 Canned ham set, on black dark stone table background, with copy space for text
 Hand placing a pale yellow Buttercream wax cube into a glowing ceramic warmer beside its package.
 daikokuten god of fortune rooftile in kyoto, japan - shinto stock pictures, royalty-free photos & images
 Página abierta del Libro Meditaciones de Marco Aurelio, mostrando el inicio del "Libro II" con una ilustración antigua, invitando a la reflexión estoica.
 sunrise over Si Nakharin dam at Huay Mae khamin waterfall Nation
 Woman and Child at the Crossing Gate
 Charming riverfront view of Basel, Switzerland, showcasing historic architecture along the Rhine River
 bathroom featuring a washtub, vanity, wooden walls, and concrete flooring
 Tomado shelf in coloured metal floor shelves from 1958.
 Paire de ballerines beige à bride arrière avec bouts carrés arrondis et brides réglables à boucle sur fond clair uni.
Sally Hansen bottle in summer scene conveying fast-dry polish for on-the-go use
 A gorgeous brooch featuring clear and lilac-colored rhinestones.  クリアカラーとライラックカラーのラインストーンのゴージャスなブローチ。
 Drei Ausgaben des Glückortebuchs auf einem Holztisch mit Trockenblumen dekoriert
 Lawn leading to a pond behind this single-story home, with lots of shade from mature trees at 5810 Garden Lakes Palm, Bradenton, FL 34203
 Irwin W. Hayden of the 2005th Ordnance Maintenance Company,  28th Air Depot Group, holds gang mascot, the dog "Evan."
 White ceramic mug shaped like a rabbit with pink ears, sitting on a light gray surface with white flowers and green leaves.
....
- **YOUR TASK**: Search the listing for "featuring" and show every line where it occurs.

- **REPLY**:
 bathroom featuring a washtub, vanity, wooden walls, and concrete flooring
 A gorgeous brooch featuring clear and lilac-colored rhinestones.  クリアカラーとライラックカラーのラインストーンのゴージャスなブローチ。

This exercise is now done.